Me levanté agotada, había vivido más en ese momento que en todo el día. Me senté sobre la esquina de mi cama, agachada veía mis pies, eran muy blancos, delgados, pequeños, estaban fríos como casi siempre, mis uñas, eran cortas, quizá demasiado, ¡no!, eran exactas, curiosas, me gustó lo que vi. Respiré profundo y vi el techo, estaba sucio, mal hecho… el dolor de espalda no me dejaba en paz, por momentos creía que iba a suceder una metamorfosis como la de Kafka, o que me estaban repellando con cemento cual casa vieja, de adobe, de cuadros con telarañas, de polvo en marcos, de pelos en el sofá, de televisión sin control, de silencio anaranjado, de sillas quebradas, de puertas oxidadas, de platos sucios y sartenes grasosas.

Había dejado que alguien succionara de mí, las ganas. Sí, una sanguijuela había chupado cualquier tipo de incentivo que avivaba mi espíritu soñador. Ese era mi problema, ya no creía en nada; y eso al final de cuentas hoy me mantenía incrustada en este colchón.

Mis manos tapaban mi rostro, me restregaba los ojos cuando el móvil sonó de nuevo, era esa llamada, él me rescataba de nuevo, quizá después de esto merecía nominarlo a esa entrega de medallas y dólares de “héroes anónimos” por salvarme, por evitar mis lágrimas, mi cólera, mi dolor de estómago.
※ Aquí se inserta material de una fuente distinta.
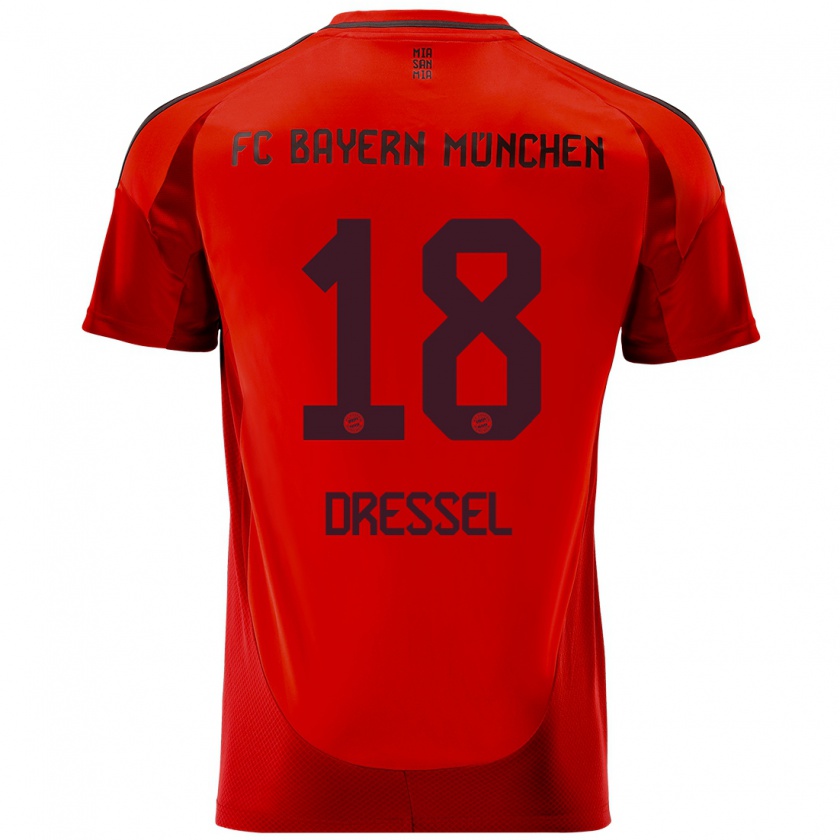 Kandiny Hombre Camiseta Timon Dressel #18 Rojo 1ª Equipación 2024/25 La Camisa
-¡Hola! Esto de la lluvia parece que no va a cesar en días.
-- Sí, eso parece…
-A mí no me importa, ¿Y a ti?
-- No. Tengo la suerte de no poder perder nada.
- Estamos en la misma situación. ¿Puedo verte?
-- Los noticieros anuncian que nadie debe salir de casa.
- Nadie debe, pero todos pueden. Si algo pasa, por lo menos me quedaría atrapado en tu casa, o camino a verte, sería una de esas muertes “valientes”.
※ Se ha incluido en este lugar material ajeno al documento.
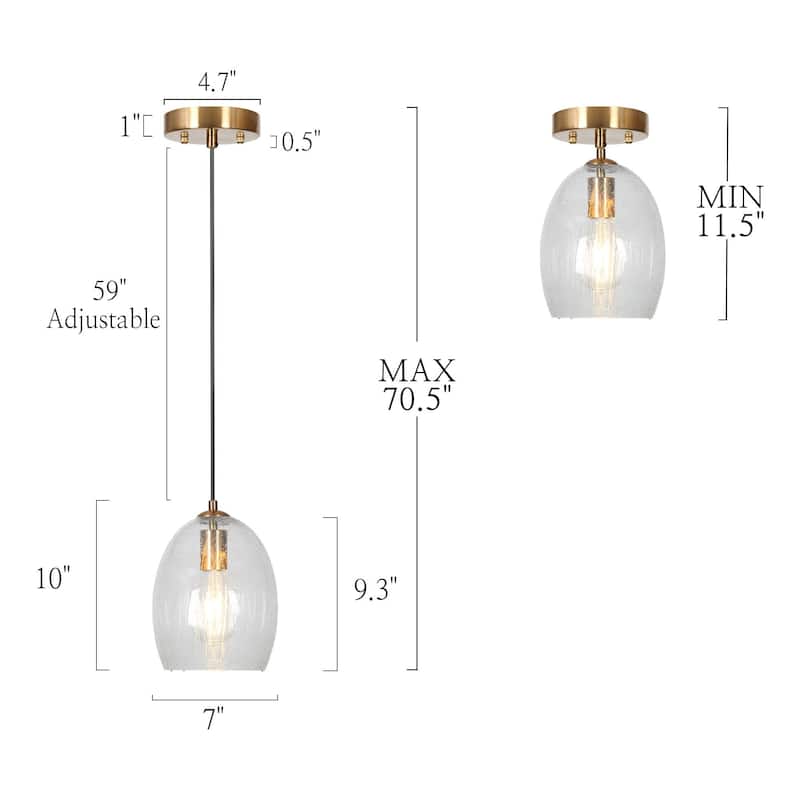 Yarge Modern Mini Pendant Brass Gold Light Abstract Raindrop Glass Dimmable Kitchen Island Lighting - D7" x H10"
Reímos juntos, suave, lento.

Esa noche esperé ansiosa. El tiempo no pasó como de costumbre en la ciudad, podía contar las gotas de agua que caían en la ventana, peiné mi pelo quizá 100 veces, pinté mis uñas y las despinté, lavé mis manos, me unté de crema, encendí 4 barras de pachulí, la número 5 fue de sándalo y se acabó al mismo tiempo en que terminaba de subir mis medias negras, una falda de tubo se ajustaba a mi cintura inquietamente y a medio camino del zapato y la bota encontré unos botines que me recordaban los libros de la corte francesa, me hacían ver relativamente alta y eran adecuados para mantener el agua fuera de mis dedos, me arropé con una chaqueta y enmarqué mi cuello con una bufanda que había traído de aquel lago que visitan miles de turistas en mi país. Estaba dispuesta a salir bajo la torrencial lluvia, sabía que él también. Me vi al espejo, y coincidí con la mayoría, mis ojos eran grandes, a mi gusto, eran muy grandes, pero no los cambiaría ni por un par de verdes, sonreí. Los adorné con un sutil delineado y terminé abrochando mi blusa tres veces antes de lo debido.

El reloj daba las 20:53 y él estaba afuera, cogí mi bolsa, mis llaves y mi paraguas rojo.